Ottawa must also reduce its reliance on American military equipment. “Trump’s recent statement that he may not sell or might restrict critical defence equipment to U.S. allies because, in his view, ‘some day maybe they’re not our allies’ is a stark warning about our vulnerability in defence procurement.”

The group said this crisis could also result in Canada’s role in the world growing.

“In recent years, we have risked becoming an asterisk on the international scene, but we retain significant assets, including our resources, our geography and our history as a country with the ideas and willingness needed to resolve complex international issues.”

The expert group is co-sponsored by the Norman Paterson School of International Affairs at Carleton University, and the Canadian Global Affairs Institute. Mr. Beatty and Fen Hampson, a professor of international affairs at Carleton University, are co-chairs.

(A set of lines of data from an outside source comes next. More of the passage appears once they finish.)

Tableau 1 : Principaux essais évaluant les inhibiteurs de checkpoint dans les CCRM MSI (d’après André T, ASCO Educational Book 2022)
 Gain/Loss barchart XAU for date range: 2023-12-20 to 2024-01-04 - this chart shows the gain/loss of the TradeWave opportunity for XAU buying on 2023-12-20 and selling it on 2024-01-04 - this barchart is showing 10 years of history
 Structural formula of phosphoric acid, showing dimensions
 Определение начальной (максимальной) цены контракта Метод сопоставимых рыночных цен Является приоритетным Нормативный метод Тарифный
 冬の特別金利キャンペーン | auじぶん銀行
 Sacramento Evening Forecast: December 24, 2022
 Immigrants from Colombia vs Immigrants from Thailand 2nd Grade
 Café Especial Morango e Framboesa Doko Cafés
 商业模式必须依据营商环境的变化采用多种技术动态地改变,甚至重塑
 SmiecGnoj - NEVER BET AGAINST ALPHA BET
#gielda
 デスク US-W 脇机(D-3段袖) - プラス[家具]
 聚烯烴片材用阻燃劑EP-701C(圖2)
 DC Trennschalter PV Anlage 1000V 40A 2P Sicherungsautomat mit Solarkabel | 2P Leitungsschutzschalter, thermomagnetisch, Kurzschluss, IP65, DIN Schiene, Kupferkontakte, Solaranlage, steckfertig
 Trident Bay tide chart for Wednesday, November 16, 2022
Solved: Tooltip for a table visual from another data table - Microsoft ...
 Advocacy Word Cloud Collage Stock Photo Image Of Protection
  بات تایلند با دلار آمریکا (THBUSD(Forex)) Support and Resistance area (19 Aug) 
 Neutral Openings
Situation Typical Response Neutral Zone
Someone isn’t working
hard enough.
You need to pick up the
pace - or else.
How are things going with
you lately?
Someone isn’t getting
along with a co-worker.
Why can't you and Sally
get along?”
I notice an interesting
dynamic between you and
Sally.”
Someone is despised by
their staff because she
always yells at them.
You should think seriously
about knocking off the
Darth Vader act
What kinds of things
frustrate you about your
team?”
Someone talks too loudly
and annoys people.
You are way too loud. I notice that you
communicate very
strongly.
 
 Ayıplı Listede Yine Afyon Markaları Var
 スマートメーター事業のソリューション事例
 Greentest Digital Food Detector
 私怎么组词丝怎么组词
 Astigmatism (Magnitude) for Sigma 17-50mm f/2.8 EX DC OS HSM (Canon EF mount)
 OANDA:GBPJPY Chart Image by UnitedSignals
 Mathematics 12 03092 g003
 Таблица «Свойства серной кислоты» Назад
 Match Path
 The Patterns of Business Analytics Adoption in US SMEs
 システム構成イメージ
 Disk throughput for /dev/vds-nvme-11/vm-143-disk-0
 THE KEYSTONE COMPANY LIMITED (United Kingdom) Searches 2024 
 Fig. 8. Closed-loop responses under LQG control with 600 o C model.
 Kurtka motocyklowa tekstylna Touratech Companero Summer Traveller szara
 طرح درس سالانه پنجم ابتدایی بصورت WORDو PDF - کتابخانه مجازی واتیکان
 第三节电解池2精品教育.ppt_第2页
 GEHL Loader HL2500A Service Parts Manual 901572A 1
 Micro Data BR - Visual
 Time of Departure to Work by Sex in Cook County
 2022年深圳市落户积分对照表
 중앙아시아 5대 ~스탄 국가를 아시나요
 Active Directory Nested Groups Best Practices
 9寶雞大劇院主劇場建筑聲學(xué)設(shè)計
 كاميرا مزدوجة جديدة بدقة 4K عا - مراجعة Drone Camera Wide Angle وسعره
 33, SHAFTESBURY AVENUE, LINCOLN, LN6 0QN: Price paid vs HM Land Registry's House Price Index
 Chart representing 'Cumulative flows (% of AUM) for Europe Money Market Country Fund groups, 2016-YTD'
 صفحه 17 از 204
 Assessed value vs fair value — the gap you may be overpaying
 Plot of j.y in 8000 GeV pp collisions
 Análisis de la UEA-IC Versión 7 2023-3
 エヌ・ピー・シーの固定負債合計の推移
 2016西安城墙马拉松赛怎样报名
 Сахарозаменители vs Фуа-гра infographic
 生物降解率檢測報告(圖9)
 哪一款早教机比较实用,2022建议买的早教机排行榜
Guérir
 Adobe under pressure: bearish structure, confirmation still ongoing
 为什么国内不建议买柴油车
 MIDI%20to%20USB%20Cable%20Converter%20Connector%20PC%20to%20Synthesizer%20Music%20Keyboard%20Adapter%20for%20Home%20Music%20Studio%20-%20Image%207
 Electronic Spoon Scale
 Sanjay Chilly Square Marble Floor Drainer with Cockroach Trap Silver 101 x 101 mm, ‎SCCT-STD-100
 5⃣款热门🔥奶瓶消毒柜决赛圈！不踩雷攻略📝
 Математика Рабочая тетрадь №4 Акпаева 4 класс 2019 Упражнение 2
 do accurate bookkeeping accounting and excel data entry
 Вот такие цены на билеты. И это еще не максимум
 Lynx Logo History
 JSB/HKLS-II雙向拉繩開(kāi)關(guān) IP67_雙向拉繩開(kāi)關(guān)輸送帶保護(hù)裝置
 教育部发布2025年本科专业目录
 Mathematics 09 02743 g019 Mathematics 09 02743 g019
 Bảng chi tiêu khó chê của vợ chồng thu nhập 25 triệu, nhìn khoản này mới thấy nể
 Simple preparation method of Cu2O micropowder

Signatories of the report are Mr. Fried; Mr. Weekes; Mr. Rigby; Tom d’Aquino, founding CEO of the Business Council of Canada; former Alberta cabinet minister Gary Mar; international trade lawyer Lawrence Herman; Carlo Dade, director of international policy at the University of Calgary’s School of Public Policy; director of the University of Calgary’s School of Public Policy Martha Hall Findlay; retired Vice-Admiral Mark Norman; and former diplomat Colin Robertson.